*Source data*
__________________________________________________

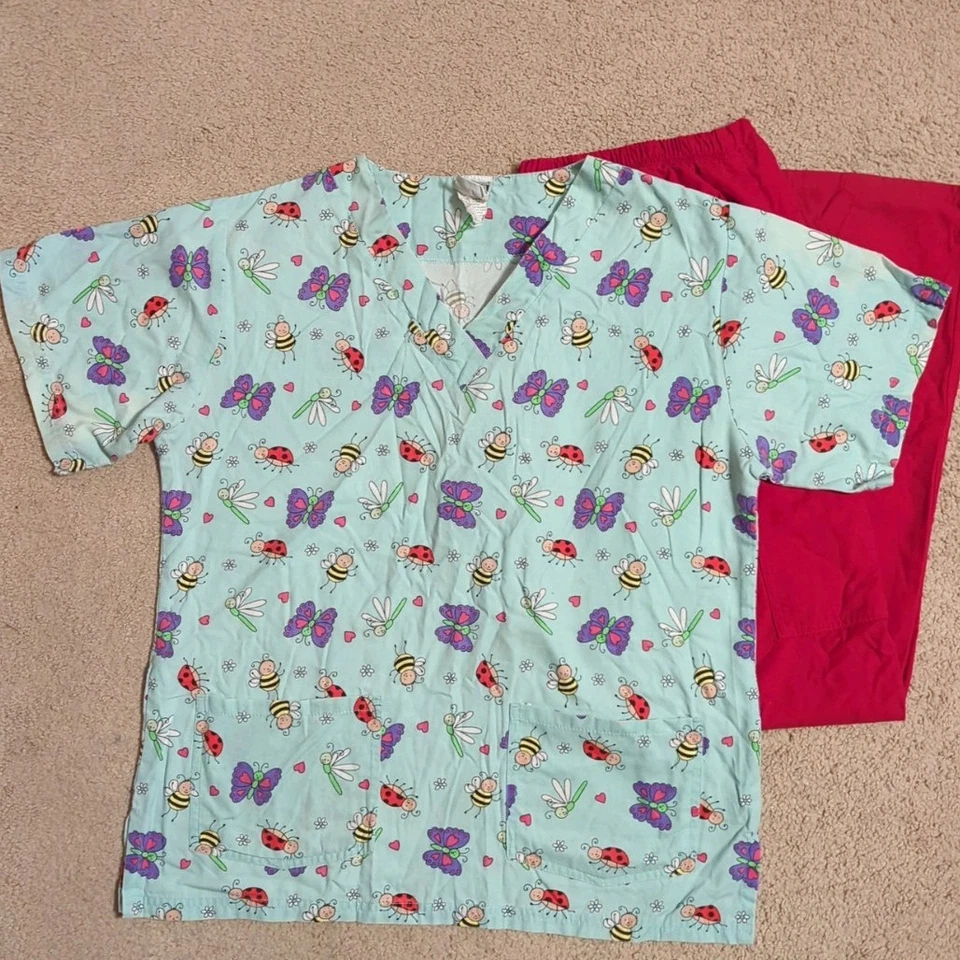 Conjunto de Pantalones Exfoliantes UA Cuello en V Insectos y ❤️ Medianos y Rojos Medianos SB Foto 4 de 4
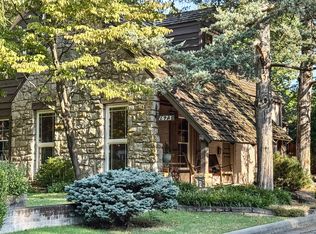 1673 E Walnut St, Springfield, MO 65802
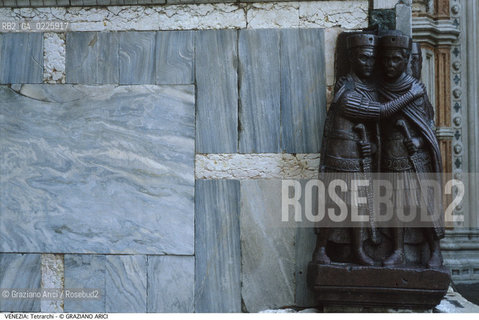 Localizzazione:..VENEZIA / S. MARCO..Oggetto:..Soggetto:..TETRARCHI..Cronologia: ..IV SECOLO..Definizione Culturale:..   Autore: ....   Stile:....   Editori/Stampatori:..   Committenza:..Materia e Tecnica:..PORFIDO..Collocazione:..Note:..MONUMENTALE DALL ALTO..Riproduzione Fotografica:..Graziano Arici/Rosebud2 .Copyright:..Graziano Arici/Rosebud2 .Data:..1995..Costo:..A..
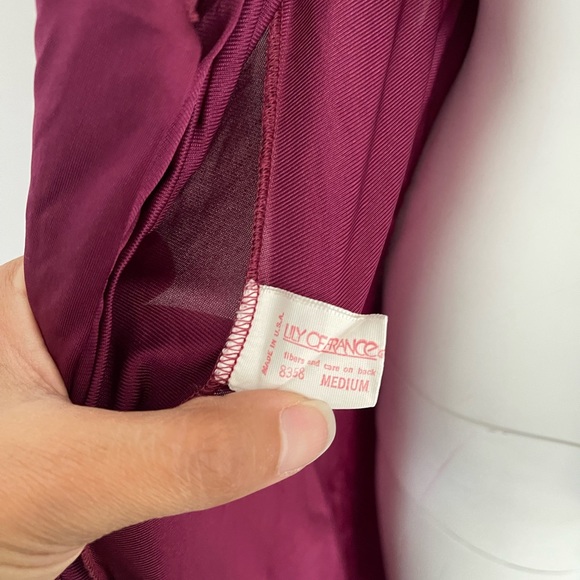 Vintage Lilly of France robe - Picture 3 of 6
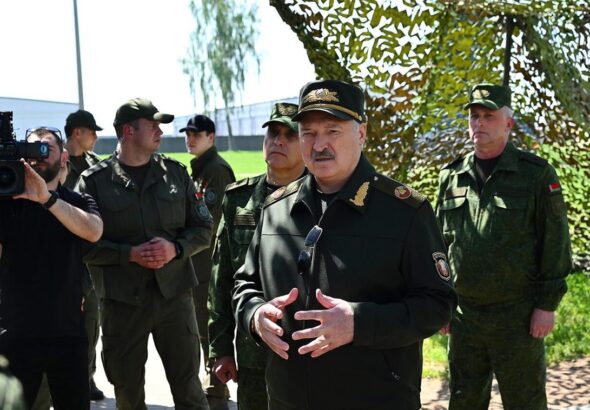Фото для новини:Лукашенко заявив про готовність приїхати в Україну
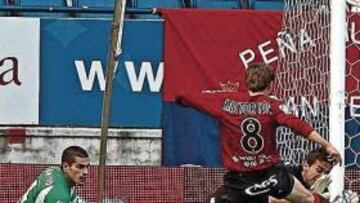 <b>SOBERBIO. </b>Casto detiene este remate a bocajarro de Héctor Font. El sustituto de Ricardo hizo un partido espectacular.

__________________________________________________

*Directions*
Reproduce the records exactly, images excluded.

*Output for this exercise*
 Conjunto de Pantalones Exfoliantes UA Cuello en V Insectos y ❤️ Medianos y Rojos Medianos SB Foto 4 de 4
 1673 E Walnut St, Springfield, MO 65802
 Localizzazione:..VENEZIA / S. MARCO..Oggetto:..Soggetto:..TETRARCHI..Cronologia: ..IV SECOLO..Definizione Culturale:..   Autore: ....   Stile:....   Editori/Stampatori:..   Committenza:..Materia e Tecnica:..PORFIDO..Collocazione:..Note:..MONUMENTALE DALL ALTO..Riproduzione Fotografica:..Graziano Arici/Rosebud2 .Copyright:..Graziano Arici/Rosebud2 .Data:..1995..Costo:..A..
 Vintage Lilly of France robe - Picture 3 of 6
Фото для новини:Лукашенко заявив про готовність приїхати в Україну
 <b>SOBERBIO. </b>Casto detiene este remate a bocajarro de Héctor Font. El sustituto de Ricardo hizo un partido espectacular.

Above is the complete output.